The University of Sudbury has tapped a historian to lead its historic effort to become a French-language university.
Serge Miville will take over from Father John Meehan, who is leaving to become director of the Bill Graham Centre for Contemporary International History at Trinity College, at the University of Toronto.
“It is an immense honour to take on such a significant responsibility,” Miville said in a release on Thursday. “My commitment to students is clear: the entire team at the University of Sudbury will leverage our resources to ensure that you have the option to study in the North, in French, and that your academic credentials will be recognized and transferable.
“I am profoundly optimistic about the future of our university, about the future of Francophone higher-level education, and remain hopeful our partners in the provincial and federal governments will be of assistance as we serve the Francophone community, but most of all, as we attempt to open our doors to students in September 2021.”
Until this spring, the University of Sudbury, along with Huntington University and Thorneloe University were federated with Laurentian University and shared $7 million in funding.
However, cash-strapped Laurentian is restructuring. It has cut English and French programs, laid off close to 200 faculty and staff, and terminated its federation agreements and keeping the money it used to share with the U of Sudbury, Huntington and Thorneloe.
In response, the University of Sudbury has announced it would seek to reopen as a French university and hopes Miville can help lead the way.
The University of Sudbury called Miville an accomplished historian, who “was the ideal candidate to lead the University through this next decisive step to continue its evolution in support of leading-edge higher education by, for and with the North’s resilient Francophone community.”
Hailing from Smooth Rock Falls in Northern Ontario, Miville holds a Bachelor and a Master of Arts (Ottawa), as well as a PhD (York). In 2020, he was welcomed in the Société Charlevoix des études franco-ontariennes.
Miville was, until recently, Research Chair in Franco-Ontarian History at Laurentian University. He also served as the director of the Institut franco-ontarien, which has now moved its offices to the University of Sudbury.
In addition to his academic roles, Miville has been instrumental in administrative and governance roles through various academic committees and boards.
Miville’s writings on francophone Canada have been featured in The New York Times, The Washington Post, Société Radio-Canada, Le Droit, and Le Devoir, amongst others.
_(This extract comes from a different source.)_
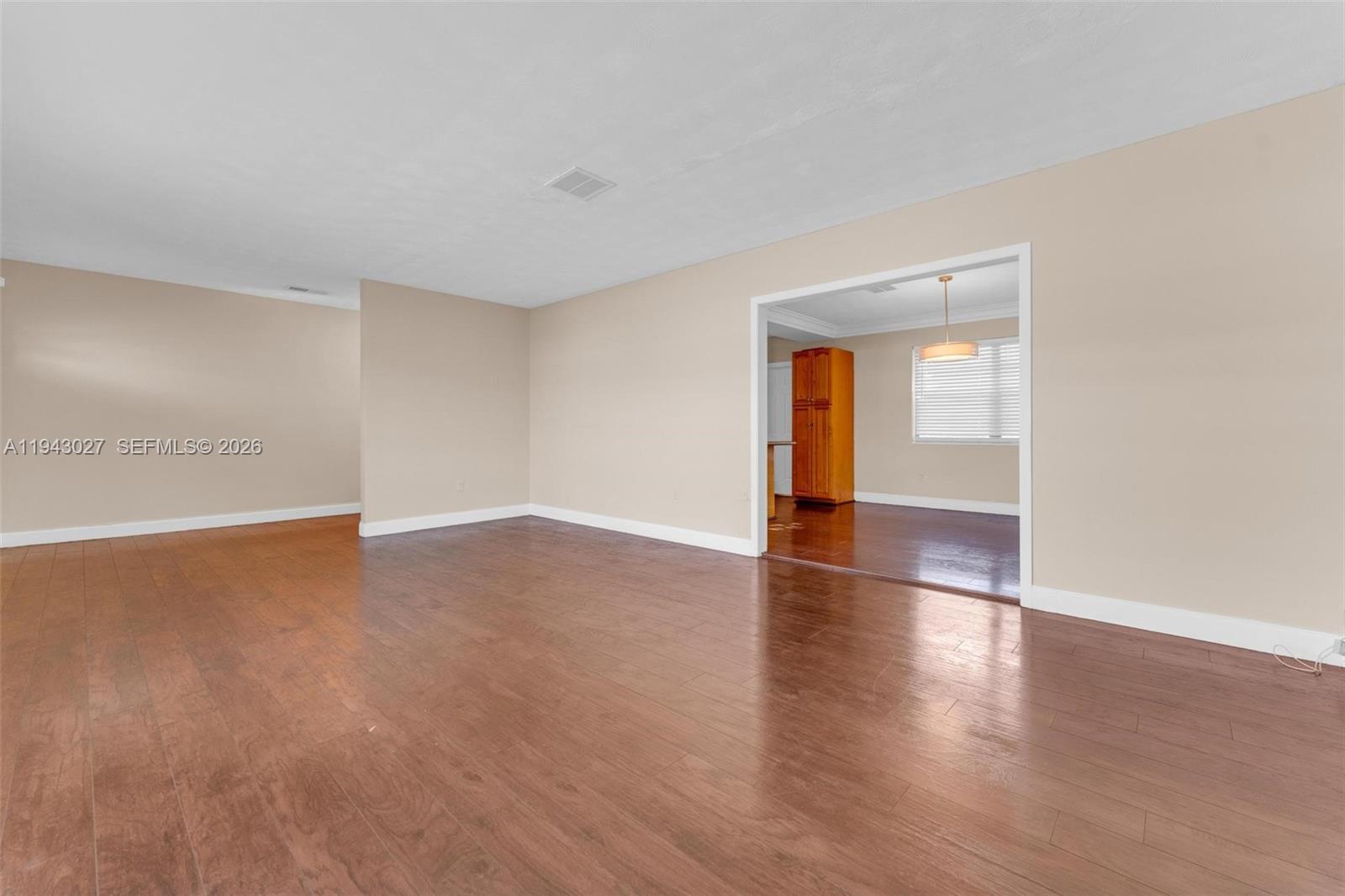 GOLF PARK SEC 2 REV - Residential Lease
“Dr. Miville is an excellent successor for the realization of our mandate. His drive, his positive leadership, his aptitudes and his vision align perfectly with the ambitions of our university,” said Pierre Riopel, chair of the board of regents.
“The appointment of Dr. Miville represents a generational change in leadership that reflects the university’s new direction and plans to offer a new and unique experience to its students,” the release said. “He is deeply committed to the Greater Sudbury community, to its students, its professors, and its broader academic community …
“Dr. Miville is further committed to establishing an inclusive post-secondary education vision that maximizes opportunities found within the broader network of French-language post-secondary institutions to offer the best possible choice and diversity of educational opportunities in person and through hybrid options. Dr. Miville is also deeply committed to ensuring the continuation of the University’s dialogue with Indigenous communities.”